Saya bertanya kepada gadis tersebut. Bibir mungil yang tersenyum kecut berbisik lirih, ia sedang menahan pipis. Dengan sigap saya menawarkan diri untuk membebaskannya dari derita.
Toilet di stasiun kecil itu terlihat agak jauh, dengan perkiraan tidak bakal nyaman digunakan oleh gadis lemah, juga lembut, tersebut. Satu-satunya jalan, saya membawanya ke rumah warga di samping pagar stasiun. Waktu itu akses menuju stasiun bisa dari mana saja. Termasuk melalui permukiman.
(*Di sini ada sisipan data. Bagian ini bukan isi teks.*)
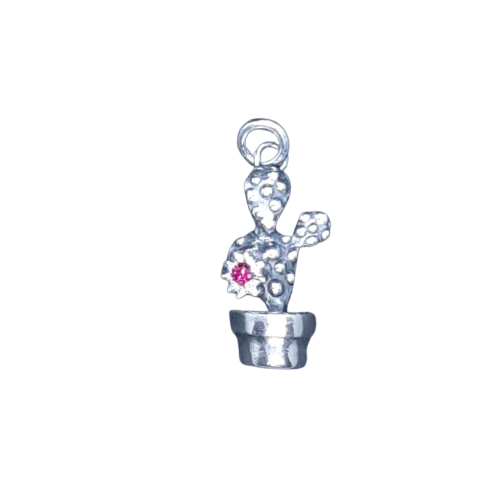 Silver cactus pendant with pink crystal by VerdeRame Jewels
Lega. Menunggu kira-kira setengah jam KRL beringsut. Sang gadis pelajar SMA turun di stasiun Depok Lama. Tersenyum manis.
Saya melanjutkan perjalanan dengan senyum-senyum sendiri, mengenang pertemuan singkat penuh makna. Maklum, sebagai bujangan jomlo persuaan menyenangkan itu menghadirkan getaran di dada.
Mendadak saya tepok jidat! Muncul kesadaran yang amat disesali.
Mengapa tidak bertanya nama dan alamatnya? Rasanya tidak rugi, jika berkesempatan mengantarkan dengan selamat sampai rumahnya, bukan? Ah...!
Begitulah suka duka menaiki KRL sebelum dibenahi oleh Ignatius Jonan dari sejak tahun 2009.
Terinformasi bahwa sampai saat ini KRL merupakan alternatif angkutan massal yang murah dan cepat bagi banyak orang. Itu menjadi tujuan utama.
Oleh karenanya, rencana kenaikan tarif KRL --berapa pun itu---akan membebani para pengguna. Sebagian mempertimbangkan untuk beralih ke alat angkut yang relatif murah dan cepat. Naik sepeda motor adalah satu pilihan.